Today we're building a multi-seer maker, followed by a portal to the nether.
Hizah!
Hoor! Hooray!
Just let me diggy, diggy, diggy my hole and...
Oh, wait, what?
What is this?
No, seriously, what is...
Help!
Yay! It's a deadly, wendy, corpsi-wopsy!
What another family-friendly Minecraft mystery adventure!
Here on the theorist cast.
Oh, internet, welcome to game theory.
You know, fate, it's a funny thing.
I'm sure we're all familiar with the butterfly effect.
If you've ever watched any let's plays of Until Dawn,
I'm sure you've heard about the butterfly effect over...
Butterfly effect.
And over...
Butterfly effect.
And over again.
At its most basic, the butterfly effect is the concept
that small actions can have large effects,
rippling down through time to change history as we know it.
The small decision of what you wore to school today
dictated in some small way how other people treated you.
Had you worn something different, would that cute redhead with the pigtails have noticed you in math class?
Or would the bully in the hall have singled you out for a de-pantsing?
True story! My decision to wear a belt one morning helped keep my pants firmly at hip level back in middle school,
and the rest of my career in Medina, Ohio, thanks me for it.

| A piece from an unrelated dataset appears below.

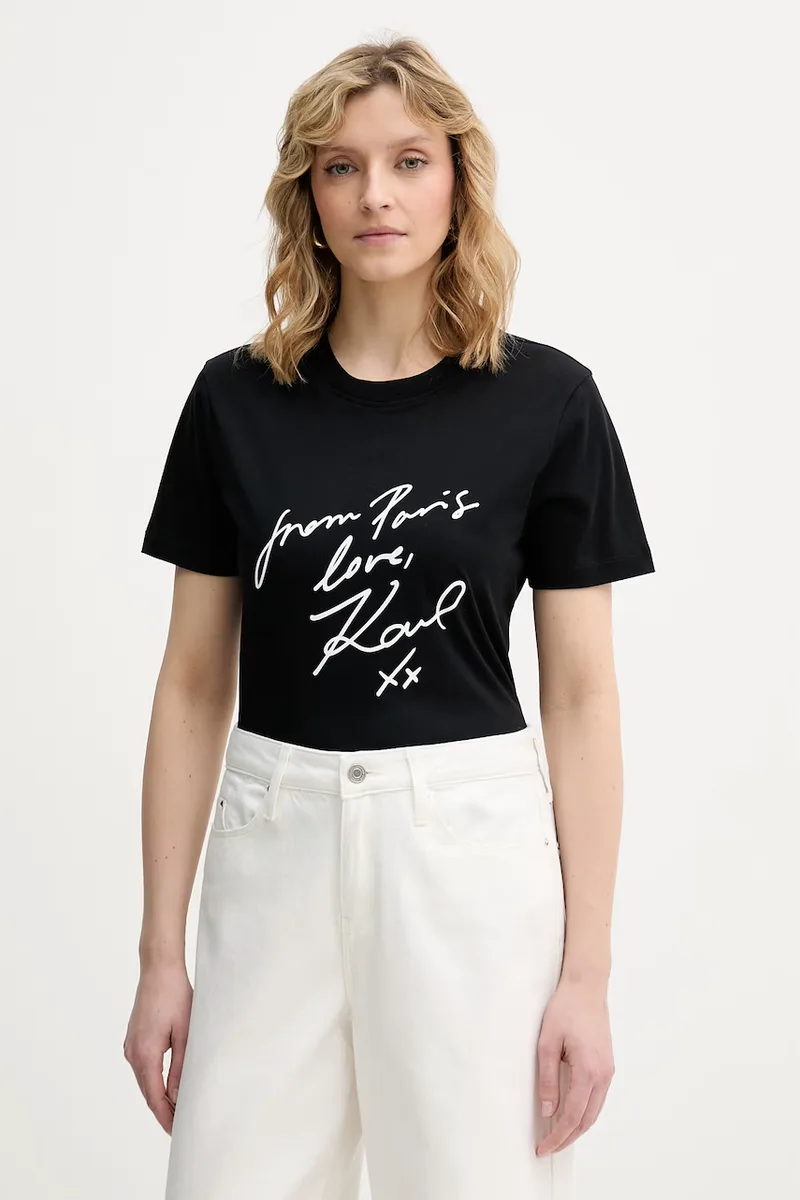 Karl Lagerfeld T-shirt γυναικείο βαμβακερό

But small things like that can have a huge impact.
Your choice to skip coffee this morning dictated how alert you were by the end of the day,
which in turn affected how effective you were at work.
Which could be a really bad thing if you're an air traffic controller.
Here's another true story.
Back in 10th grade, I had a friend confessed to me that he decided not to commit suicide
simply because I had had short, polite conversations with him every morning while we waited for choir practice to start.
I had shown him human decency at a time, unbeknownst to me when others were harassing him.
And in some way, those little conversations helped to save his life.
A few simple hellos helped him to find the strength to keep on living,
and then he went on to touch thousands more lives.
Even this channel is an example.
No one would hire me, so I started this as a side project.
Fast forward six years later, and over one billion people have been impacted by these videos in some way.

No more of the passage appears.